Inzwischen hat sich herumgesprochen, dass die atombestückte Feindschaft im Subkontinent wesentlich gefährlicher ist als die zwischen den Supermächten, da sich hier zwei Nachbarn an einer über tausend Kilometer langen und zum Teil umstrittenen gemeinsamen Grenze gegenüberstehen. Eine pakistanische Atomrakete würde gerade drei Minuten nach Delhi brauchen; die Flugbahn eines indischen Projektils nach Islamabad wäre sogar weniger als eine Minute. Die Warnzeit, während der eine solche Rakete in der Luft angegriffen und die Bevölkerung gewarnt werden könnte, ist also zehnmal kürzer, als sie einst für den Ernstfall der USA und ihres sowjetischen Widersachers berechnet wurde.

Doch wer heute einen Passanten in den Straßen der indischen Hauptstadt fragt, wie er sich im Ernstfall verhalten würde, erhält als Antwort bestenfalls ein Achselzucken. Die Ignoranz ist auch die Folge des Informationsnotstands, um nicht zu sagen einer staatlichen Informationsverweigerung, die mit einer vollständigen Vernachlässigung aller Vorsorgemaßnahmen einhergeht. Zwar heißt es im Entwurf der indischen Nukleardoktrin, das Land werde ein „Katastrophen-Kontrollsystem“ einrichten. Aber diese Absichtserklärung bezieht sich auf das Verhalten bei Unfällen bei der Lagerung und der Behandlung von Waffen und Materialien, nicht den Schutz der Zivilbevölkerung oder der Soldaten im Kriegsfall.

Spricht man mit Vertretern des militärischen Establishments, begründen diese die fehlenden Informationen und Schutzmaßnahmen ausgerechnet mit der offiziellen Ablehnung der Atomwaffe als einer annehmbaren Form der Kriegsführung. „Die offizielle indische Version lautet“, sagt Raja Menon, ein Mitglied des Nationalen Verteidigungsrats, „dass es nie zu einem Atomschlag kommen wird.
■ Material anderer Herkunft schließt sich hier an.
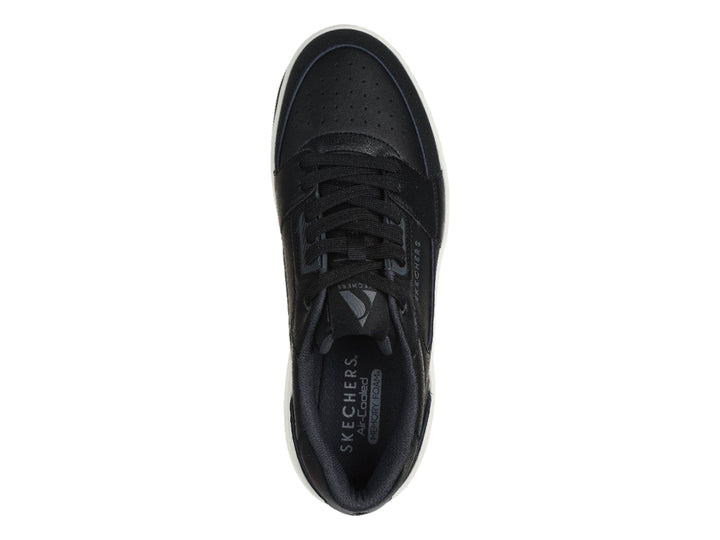 Tenis Skechers color negro con suela blanca gruesa y detalle en turquesa en el talón.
Wir haben, sagt die Nukleardoktrin, absolutes Vertrauen darauf, dass unsere Zweitschlagskapazität jeden möglichen Atomangriff eines Gegners ausschließt.“

Menon fürchtet, dass die Einrichtung von Schutzräumen oder die Ausgabe von Medikamenten gegen radioaktive Strahlung Angst in der Bevölkerung schüren und möglichen Gegnern ein falsches Signal aussenden würde. „Es ist wie in der Armee. Wenn die Führung den Soldaten Gasmasken ausgibt, kann dies auf zwei Arten gelesen werden: Wir wollen uns vor möglichen Chemiewaffen-Einsätzen des Gegners schützen, lautet die eigene Version. Aber der Gegner kann es als Bedrohung interpretieren: Die geben ihren Soldaten Schutzmasken aus, weil sie selber Chemiewaffen einzusetzen gedenken. Wenn Atomwaffen nur eine Abschreckung bewirken sollen und nie eine realistische Waffenoption sind, dann dürfen wir unser Land nicht auf den Atomkrieg vorbereiten.“

In den Augen von Atomwaffengegnern wie dem Publizisten Praful Bidwai ist dies die zynische Rationalisierung eines Spiels mit dem atomaren Feuer. Für ihn steckt hinter dem Stillschweigen und dem Mangel an Maßnahmen eine bewusste Logik: Sowohl Indien wie Pakistan wollen verhindern, dass mit Aufklärung und realistischen Darstellungen der katastrophalen Wirkung von atomaren Feuerstürmen die Opposition in der Öffentlichkeit wächst.

Jahrzehntelang haben Indien und Pakistan eine Politik der strikten Ablehnung von Atomwaffen verfolgt. Die inzwischen aufgegebene öffentliche Ächtung erreichte, so Bidwai, das Gegenteil: Sie verhinderte breite Debatten über das Für und Wider dieser Todeswaffe.